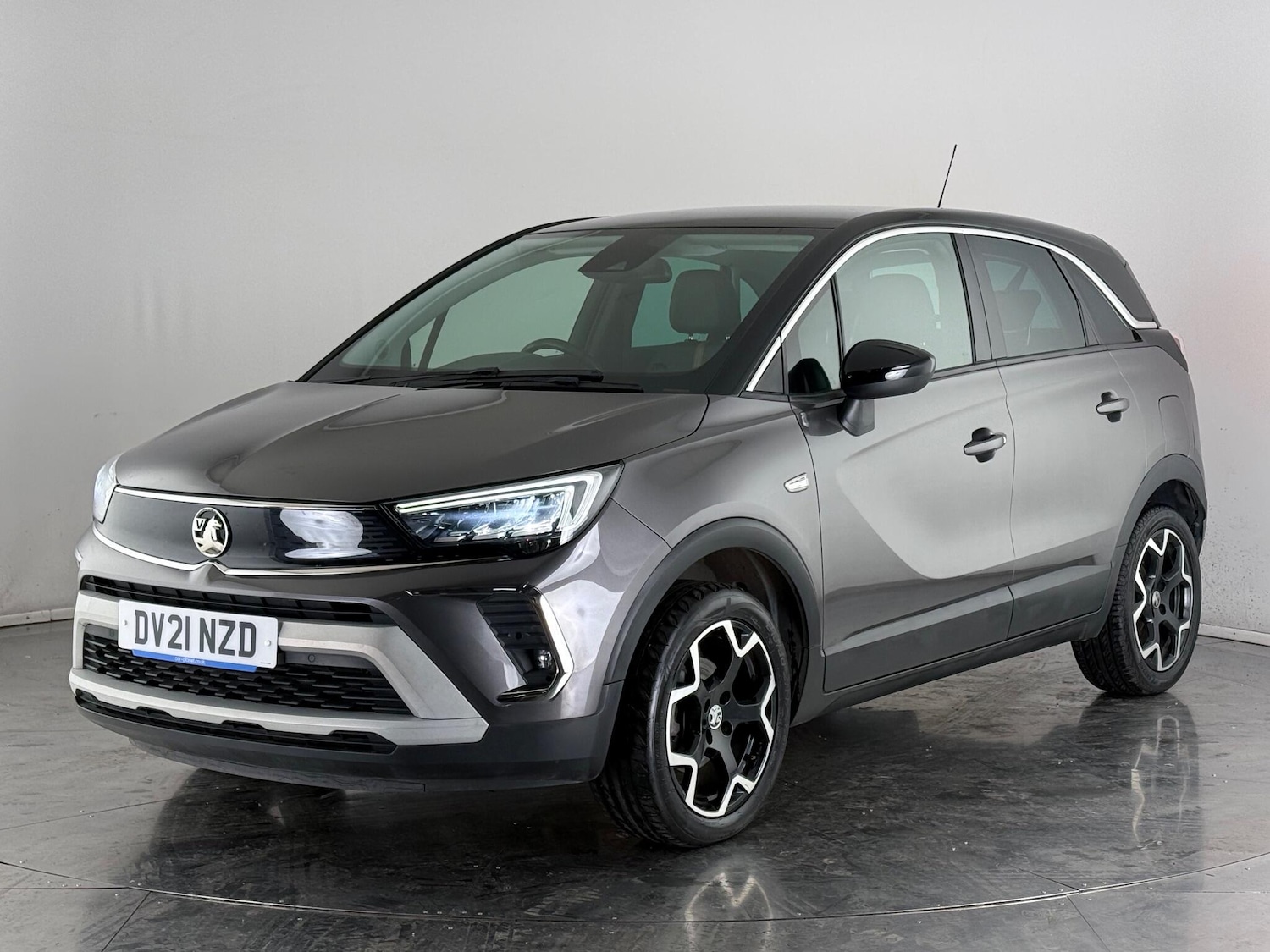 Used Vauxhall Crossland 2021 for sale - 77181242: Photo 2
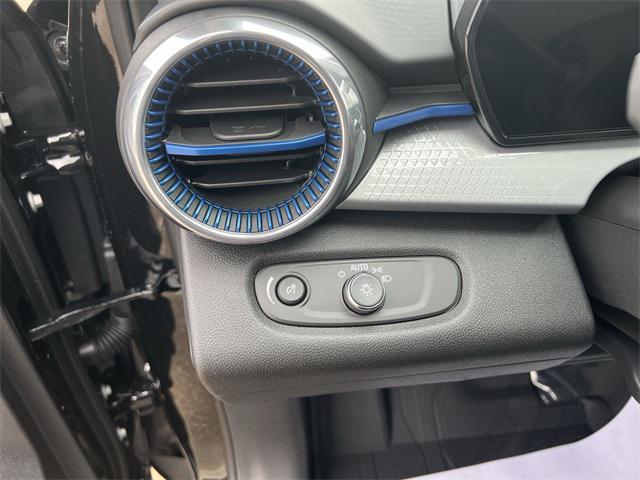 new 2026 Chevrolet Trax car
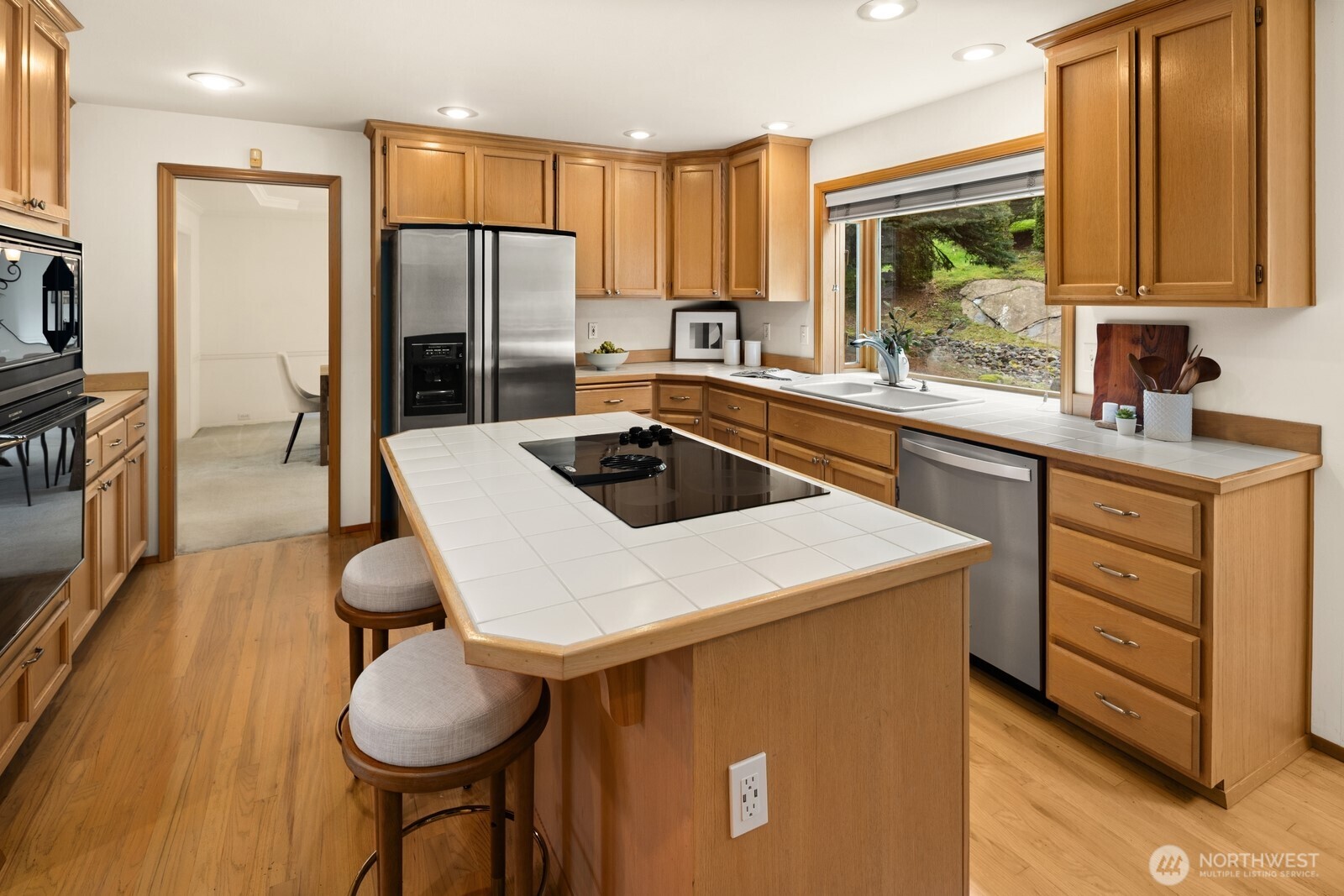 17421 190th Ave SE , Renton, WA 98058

## [Required action]
Nothing but the pictures should be left out when the material above is copied.

## [Exercise solution]
 Used Vauxhall Crossland 2021 for sale - 77181242: Photo 2
 new 2026 Chevrolet Trax car
 17421 190th Ave SE , Renton, WA 98058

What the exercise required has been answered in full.